Tuesday, June 14, 2005

Extreme Change Spotting

I already blogged about my change spotting. That’s my pastime of looking for and picking up stray coins, anything above a penny. Well, I kind of took it to the next level this past week. I spotted a dime out my car window while stopped at a busy five-lane intersection. The light was red, but my wife wouldn’t let me get out of the car to pick up the dime. So I drove on. Later, I came back with my bike and got the dime.

Last night I was riding my bike around town, getting some exercise and doing a little exploring. Now, I wasn't looking for money. But like a trained bloodhound, if I happen to pick up a scent, I'm on it. I stopped my bike on a rather busy road, got off, and sitting right there by the side of the road was a twenty dollar bill. How 'bout that. And there were no houses around, so it didn't belong to anybody. Mine now.

Now, today I was talking to my brother Tim. He’s a postal carrier, so he has better opportunities to spot change. Or more opportunities anyway. He told me he picked up a dollar sitting in the gutter. A little ways farther he picked up another one. He was hoping for more, but that was it. Another time he found a money clip with twelve dollars in it. That was outside a bar. He thought he was lucky but he found out other postal carriers regularly pick up money too.

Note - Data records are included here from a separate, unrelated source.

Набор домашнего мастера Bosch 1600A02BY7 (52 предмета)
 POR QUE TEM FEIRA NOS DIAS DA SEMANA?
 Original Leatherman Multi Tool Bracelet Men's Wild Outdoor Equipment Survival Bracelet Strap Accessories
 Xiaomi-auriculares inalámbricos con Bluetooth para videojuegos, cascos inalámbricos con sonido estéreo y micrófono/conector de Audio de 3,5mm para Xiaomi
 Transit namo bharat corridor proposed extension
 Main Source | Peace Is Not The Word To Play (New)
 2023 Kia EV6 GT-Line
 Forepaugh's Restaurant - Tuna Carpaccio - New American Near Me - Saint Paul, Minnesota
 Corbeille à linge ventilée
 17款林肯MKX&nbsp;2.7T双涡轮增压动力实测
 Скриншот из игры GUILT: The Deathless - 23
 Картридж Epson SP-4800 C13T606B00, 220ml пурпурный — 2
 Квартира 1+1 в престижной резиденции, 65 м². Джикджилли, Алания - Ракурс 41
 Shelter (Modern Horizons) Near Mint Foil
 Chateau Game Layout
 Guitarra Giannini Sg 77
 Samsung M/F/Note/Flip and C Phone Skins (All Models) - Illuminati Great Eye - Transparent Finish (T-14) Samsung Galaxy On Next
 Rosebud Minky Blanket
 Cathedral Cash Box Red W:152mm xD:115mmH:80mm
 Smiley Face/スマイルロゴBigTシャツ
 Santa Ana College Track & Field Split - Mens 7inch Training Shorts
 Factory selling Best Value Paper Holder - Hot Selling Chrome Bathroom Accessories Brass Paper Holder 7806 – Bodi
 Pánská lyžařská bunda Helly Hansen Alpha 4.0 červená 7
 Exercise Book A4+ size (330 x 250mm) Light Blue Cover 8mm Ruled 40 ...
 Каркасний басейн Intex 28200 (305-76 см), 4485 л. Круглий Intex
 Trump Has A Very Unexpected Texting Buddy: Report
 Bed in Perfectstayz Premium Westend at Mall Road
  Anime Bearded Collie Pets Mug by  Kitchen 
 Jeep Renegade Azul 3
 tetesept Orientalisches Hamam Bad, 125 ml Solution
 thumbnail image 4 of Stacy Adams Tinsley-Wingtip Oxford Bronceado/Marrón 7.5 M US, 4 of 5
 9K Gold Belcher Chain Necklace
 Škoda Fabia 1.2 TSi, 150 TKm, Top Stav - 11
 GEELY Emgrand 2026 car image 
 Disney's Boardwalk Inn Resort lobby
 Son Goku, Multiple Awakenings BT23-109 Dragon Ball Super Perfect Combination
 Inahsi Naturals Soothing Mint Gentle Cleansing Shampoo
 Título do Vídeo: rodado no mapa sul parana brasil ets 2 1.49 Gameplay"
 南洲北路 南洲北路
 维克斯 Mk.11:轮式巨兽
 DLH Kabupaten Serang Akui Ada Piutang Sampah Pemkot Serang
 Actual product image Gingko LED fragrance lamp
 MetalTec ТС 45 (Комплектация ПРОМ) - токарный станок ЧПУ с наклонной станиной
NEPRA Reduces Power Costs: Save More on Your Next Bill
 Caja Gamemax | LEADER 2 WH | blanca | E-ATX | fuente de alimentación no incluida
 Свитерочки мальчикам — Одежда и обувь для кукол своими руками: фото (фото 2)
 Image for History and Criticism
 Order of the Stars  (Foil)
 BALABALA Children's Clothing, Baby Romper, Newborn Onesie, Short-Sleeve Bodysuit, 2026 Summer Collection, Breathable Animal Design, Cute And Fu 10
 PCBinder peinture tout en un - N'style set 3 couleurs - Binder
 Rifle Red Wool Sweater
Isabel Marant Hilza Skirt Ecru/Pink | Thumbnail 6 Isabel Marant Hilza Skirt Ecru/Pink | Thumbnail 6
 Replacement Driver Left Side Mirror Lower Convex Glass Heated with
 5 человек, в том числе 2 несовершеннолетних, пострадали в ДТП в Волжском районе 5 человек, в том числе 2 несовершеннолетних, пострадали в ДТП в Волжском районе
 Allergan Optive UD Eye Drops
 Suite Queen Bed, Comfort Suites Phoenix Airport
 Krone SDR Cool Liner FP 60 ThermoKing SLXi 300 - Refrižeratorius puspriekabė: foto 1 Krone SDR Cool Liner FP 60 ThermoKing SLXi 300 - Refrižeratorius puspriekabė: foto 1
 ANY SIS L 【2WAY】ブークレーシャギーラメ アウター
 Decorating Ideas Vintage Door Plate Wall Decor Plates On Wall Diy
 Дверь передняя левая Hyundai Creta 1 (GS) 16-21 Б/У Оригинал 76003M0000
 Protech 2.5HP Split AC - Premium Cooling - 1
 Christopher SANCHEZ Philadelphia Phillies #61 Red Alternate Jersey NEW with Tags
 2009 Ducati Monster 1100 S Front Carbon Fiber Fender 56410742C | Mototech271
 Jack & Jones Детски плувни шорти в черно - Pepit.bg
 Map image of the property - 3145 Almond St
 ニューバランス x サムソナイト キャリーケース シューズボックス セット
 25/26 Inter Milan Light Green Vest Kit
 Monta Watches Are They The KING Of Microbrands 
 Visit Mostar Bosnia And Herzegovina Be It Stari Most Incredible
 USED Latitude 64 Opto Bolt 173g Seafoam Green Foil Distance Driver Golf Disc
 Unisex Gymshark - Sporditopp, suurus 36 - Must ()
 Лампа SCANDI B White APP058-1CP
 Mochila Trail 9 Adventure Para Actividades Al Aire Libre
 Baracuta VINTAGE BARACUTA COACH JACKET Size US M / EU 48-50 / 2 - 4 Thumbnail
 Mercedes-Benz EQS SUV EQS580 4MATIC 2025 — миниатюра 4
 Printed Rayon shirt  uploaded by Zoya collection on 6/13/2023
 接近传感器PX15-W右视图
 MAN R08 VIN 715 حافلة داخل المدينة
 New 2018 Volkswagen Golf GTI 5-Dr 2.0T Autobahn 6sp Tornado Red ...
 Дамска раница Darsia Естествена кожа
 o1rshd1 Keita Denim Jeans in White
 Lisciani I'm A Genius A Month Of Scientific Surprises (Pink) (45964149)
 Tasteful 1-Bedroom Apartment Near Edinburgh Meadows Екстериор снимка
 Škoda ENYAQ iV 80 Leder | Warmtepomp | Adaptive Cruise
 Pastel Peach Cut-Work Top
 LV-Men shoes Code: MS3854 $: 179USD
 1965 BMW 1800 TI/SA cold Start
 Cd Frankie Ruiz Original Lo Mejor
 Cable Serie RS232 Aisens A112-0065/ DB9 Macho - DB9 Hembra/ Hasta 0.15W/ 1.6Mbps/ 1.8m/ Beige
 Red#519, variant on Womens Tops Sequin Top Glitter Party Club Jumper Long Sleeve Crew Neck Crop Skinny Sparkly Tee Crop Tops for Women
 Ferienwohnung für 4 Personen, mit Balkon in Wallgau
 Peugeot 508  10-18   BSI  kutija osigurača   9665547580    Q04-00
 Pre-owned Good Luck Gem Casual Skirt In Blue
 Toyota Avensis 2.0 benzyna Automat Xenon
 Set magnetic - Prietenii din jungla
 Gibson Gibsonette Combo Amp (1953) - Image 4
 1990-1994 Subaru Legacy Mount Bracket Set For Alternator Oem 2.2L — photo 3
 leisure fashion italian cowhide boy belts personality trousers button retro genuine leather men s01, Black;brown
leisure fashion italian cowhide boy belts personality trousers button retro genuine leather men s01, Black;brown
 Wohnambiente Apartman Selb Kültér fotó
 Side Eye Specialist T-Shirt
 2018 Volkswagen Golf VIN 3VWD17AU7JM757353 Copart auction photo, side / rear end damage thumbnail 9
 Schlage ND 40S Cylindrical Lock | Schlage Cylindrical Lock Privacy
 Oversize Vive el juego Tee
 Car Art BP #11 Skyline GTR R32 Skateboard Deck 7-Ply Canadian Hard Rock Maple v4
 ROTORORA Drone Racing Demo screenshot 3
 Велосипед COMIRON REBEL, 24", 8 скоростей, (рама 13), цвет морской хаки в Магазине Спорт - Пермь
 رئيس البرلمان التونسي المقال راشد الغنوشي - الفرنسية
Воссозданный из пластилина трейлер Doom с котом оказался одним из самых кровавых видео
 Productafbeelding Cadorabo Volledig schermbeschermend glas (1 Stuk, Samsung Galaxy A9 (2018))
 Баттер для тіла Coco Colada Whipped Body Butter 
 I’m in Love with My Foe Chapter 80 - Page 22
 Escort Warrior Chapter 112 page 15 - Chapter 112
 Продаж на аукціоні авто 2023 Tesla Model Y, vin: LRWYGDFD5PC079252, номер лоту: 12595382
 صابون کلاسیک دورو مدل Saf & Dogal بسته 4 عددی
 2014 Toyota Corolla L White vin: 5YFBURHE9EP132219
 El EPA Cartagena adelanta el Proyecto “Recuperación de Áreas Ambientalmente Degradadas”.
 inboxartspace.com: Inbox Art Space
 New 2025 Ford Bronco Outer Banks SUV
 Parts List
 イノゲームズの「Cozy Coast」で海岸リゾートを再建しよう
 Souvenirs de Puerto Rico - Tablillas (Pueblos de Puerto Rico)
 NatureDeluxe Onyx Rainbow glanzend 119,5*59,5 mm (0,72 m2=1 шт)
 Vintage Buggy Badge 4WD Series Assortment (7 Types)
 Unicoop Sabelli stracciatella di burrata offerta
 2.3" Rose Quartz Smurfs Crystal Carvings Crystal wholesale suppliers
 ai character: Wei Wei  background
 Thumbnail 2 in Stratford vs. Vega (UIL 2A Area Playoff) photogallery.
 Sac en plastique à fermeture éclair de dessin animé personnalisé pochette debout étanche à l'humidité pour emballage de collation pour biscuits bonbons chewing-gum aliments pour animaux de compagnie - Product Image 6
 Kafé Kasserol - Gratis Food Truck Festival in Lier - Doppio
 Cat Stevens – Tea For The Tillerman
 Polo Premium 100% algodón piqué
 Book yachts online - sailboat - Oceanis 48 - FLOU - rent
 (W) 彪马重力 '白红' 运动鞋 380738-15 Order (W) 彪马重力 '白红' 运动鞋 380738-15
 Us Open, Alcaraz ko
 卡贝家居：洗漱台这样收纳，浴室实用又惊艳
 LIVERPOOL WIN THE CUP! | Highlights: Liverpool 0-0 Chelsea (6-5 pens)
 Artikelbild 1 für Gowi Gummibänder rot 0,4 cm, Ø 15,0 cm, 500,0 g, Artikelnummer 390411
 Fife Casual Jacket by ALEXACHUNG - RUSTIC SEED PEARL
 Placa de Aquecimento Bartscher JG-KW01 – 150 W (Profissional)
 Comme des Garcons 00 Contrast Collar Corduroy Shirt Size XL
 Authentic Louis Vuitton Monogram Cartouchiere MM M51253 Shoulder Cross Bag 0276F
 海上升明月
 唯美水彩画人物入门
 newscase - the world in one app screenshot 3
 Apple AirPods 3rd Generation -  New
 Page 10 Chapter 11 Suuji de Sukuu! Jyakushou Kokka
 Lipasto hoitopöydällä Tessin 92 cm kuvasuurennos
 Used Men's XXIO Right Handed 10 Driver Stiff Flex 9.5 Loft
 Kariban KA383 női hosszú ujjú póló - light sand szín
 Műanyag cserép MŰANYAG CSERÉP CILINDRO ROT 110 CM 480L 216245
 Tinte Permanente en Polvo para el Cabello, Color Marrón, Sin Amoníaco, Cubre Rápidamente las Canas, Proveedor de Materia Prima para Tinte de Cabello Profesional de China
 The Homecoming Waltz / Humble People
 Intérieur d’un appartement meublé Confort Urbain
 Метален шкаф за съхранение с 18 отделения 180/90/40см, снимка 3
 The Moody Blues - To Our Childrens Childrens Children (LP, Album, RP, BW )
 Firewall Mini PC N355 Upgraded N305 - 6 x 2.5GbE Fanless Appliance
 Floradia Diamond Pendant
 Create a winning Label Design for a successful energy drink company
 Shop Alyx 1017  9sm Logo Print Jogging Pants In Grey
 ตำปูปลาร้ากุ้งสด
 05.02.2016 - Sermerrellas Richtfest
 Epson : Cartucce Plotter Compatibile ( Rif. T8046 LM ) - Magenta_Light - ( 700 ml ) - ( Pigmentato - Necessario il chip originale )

It’s one of the perks of being postal worker, I guess.

Sunday, June 12, 2005

Doc, the gassy horse

The wife and I spent our 25th anniversary on Mackinac Island in May. This island is popular with tourists in Michigan, partly because they don't allow cars. Horses rule. They pull garbage wagons, haul supplies and take tourists on island tours.

I took a picture of the horses that pulled a bunch of us on a tour. One of the horses, Doc, had an uncanny knack of breaking wind in response to our tour guide's remarks. Almost like the kid who burps in class to get a laugh. Doc was just as good if not better. Our tour guide, an older lady who could have been a retired English teacher herself, talked very eloquently about the island. "May is my favorite time on the island," she said. To which Doc replied,"F-r-r--i-p-p-p."

Undeterred, our tour guide continued, "All the flowers are in bloom and the activity on the island is just starting." With perfect timing, Doc sent another one her way, "F-s-s-t-t-t-t-t-t-t." She ignored the gas. "It's just so beautiful," the driver concluded. "F-R-A-R-S-T-T-T-T." The horse let go a good one then.

What made it really funny was that a pushy man insisted that he and his family had reserved the front seats of the carriage. That meant another couple was displaced and had to take the next carriage so they could sit together. Too bad for the pushy people. They got a real good whiff of Doc and his bowels. And it gave us a funny highlight to our 25th anniversary.